Captioned web images
--- START ---

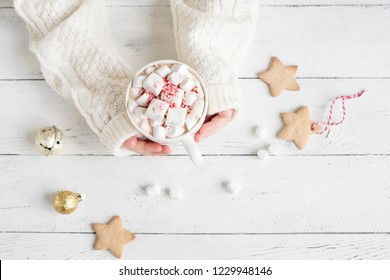 Christmas Hot chocolate with marshmallows, peppermint candies in hands on white table, top view, copy space. Hot cocoa drink for Christmas and winter holidays with festive decor.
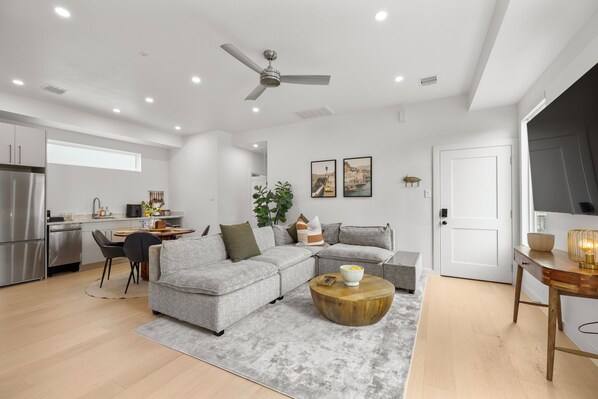 A modern living room with a grey sectional sofa, a wooden coffee table, and a dining area with a table and chairs. - Amalfi Suite in Montrose (Houston)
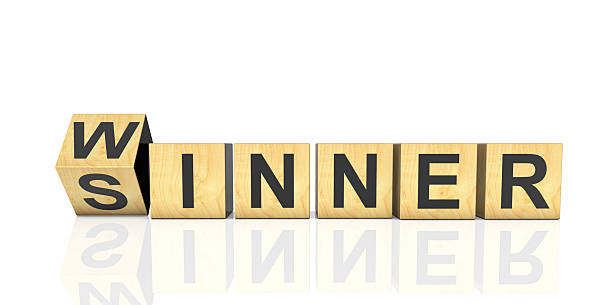 Flipping wooden cubes with word WINNER to SINNER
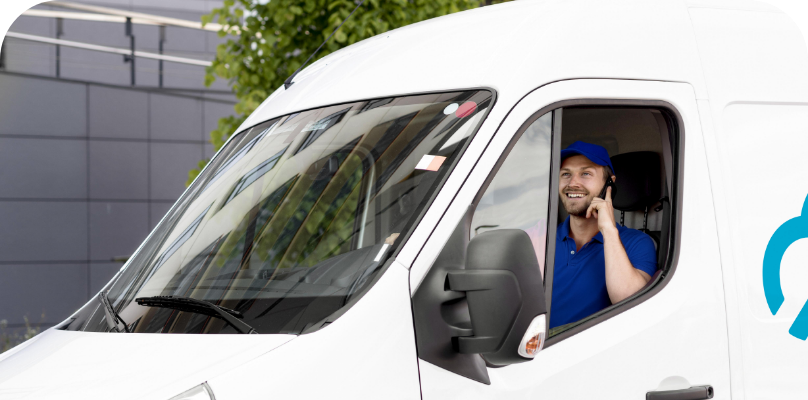 Ein Skyber-Mitarbeiter sitzt lächelnd auf dem Fahrersitz eines weißen Lieferwagens.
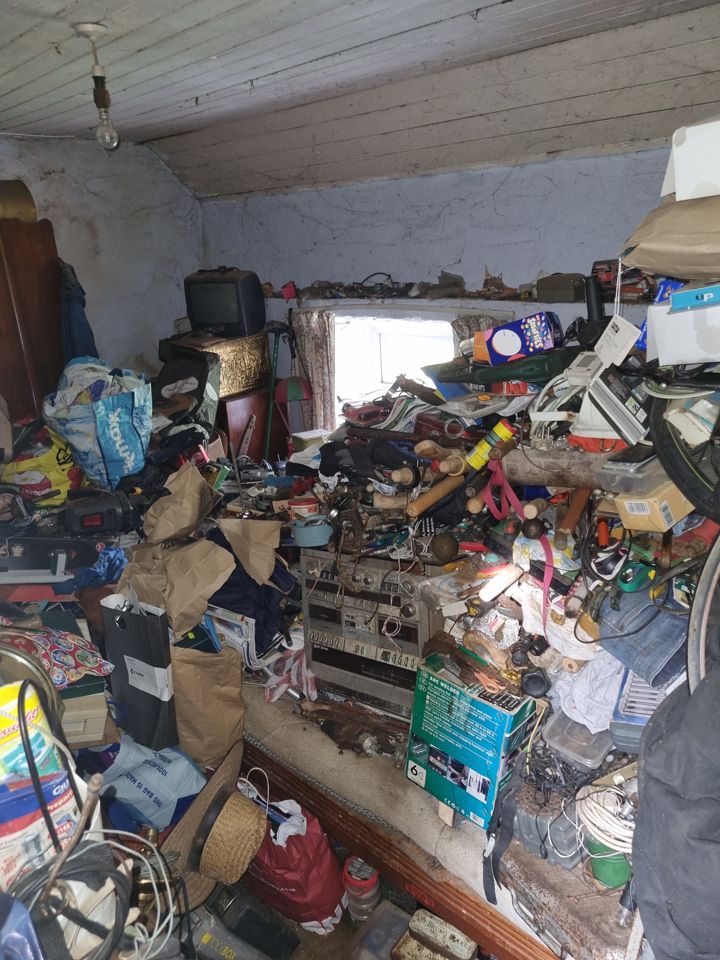 Old cottage room packed wall to wall with electronics, tools, bags and boxes
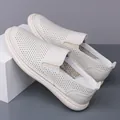 Men's cream-white hollow loafers featuring breathable perforated leather and slip-on style - Off-White Perforated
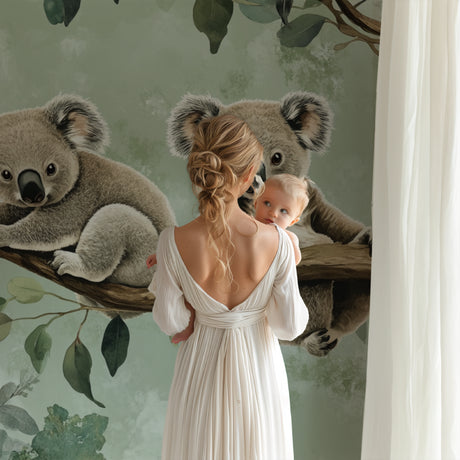 Koala wallpaper mural creating a peaceful atmosphere in a modern nursery with natural light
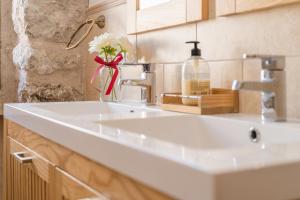 a white sink in a bathroom with a vase of flowers at Ca la Pradina in Pollença +21 photos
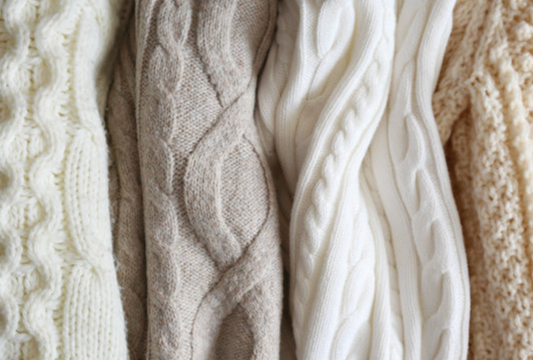 Folded cream, beige, and white cable knit cashmere sweaters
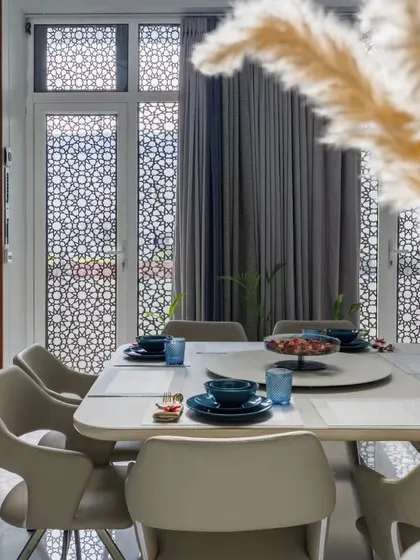 We believe dining areas should be inviting. In this space, we used intricate jali work on the windows to filter light beautifully, creating a serene ambiance around the contemporary dining set.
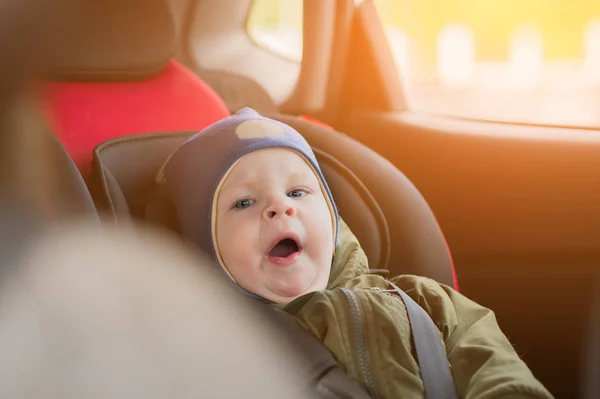 Close Up caucasian cute baby boy woke up and yawns in modern car seat. Child traveling safety on the road. Safe way to travel fastened seat belts in a vehicle with young kids. Trip with toddler. — Stock Photo, Image
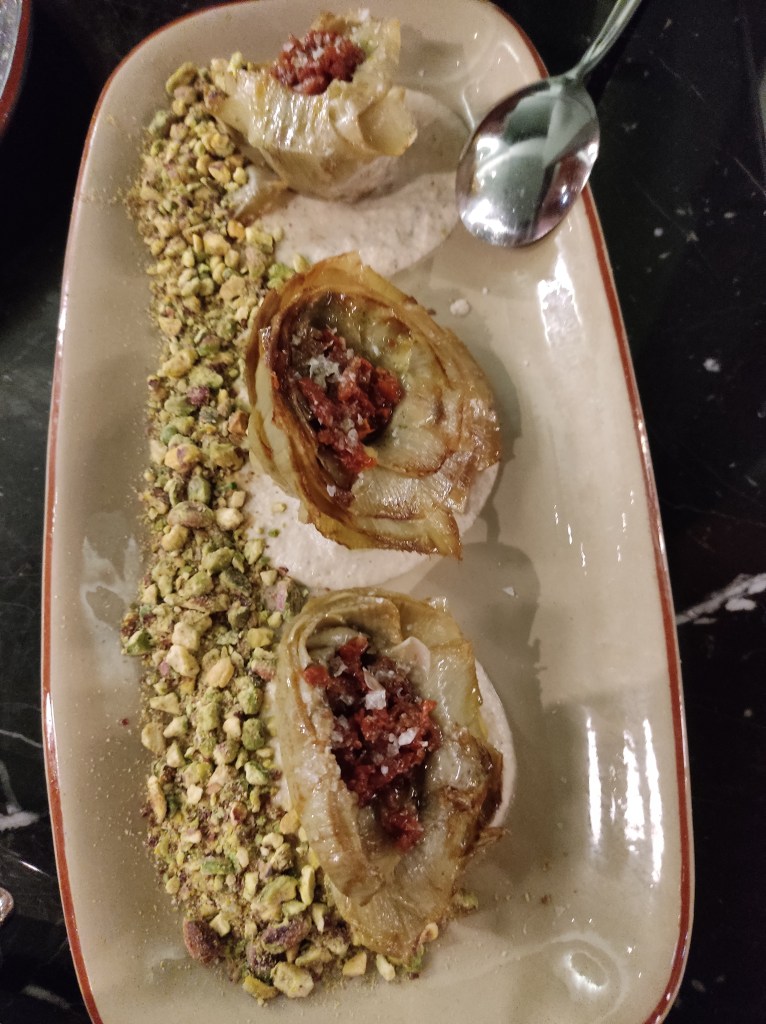 A long plate containing three artichoke halves filled with sundried tomatoes alongside green pistachio crumbs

--- END ---

For this exercise, set down exactly the lines that run from the line holding "Men's cream-white hollow" to the last line of the records above; include both end lines and omit pictures.

REPLY ▸
 Men's cream-white hollow loafers featuring breathable perforated leather and slip-on style - Off-White Perforated
 Koala wallpaper mural creating a peaceful atmosphere in a modern nursery with natural light
 a white sink in a bathroom with a vase of flowers at Ca la Pradina in Pollença +21 photos
 Folded cream, beige, and white cable knit cashmere sweaters
 We believe dining areas should be inviting. In this space, we used intricate jali work on the windows to filter light beautifully, creating a serene ambiance around the contemporary dining set.
 Close Up caucasian cute baby boy woke up and yawns in modern car seat. Child traveling safety on the road. Safe way to travel fastened seat belts in a vehicle with young kids. Trip with toddler. — Stock Photo, Image
 A long plate containing three artichoke halves filled with sundried tomatoes alongside green pistachio crumbs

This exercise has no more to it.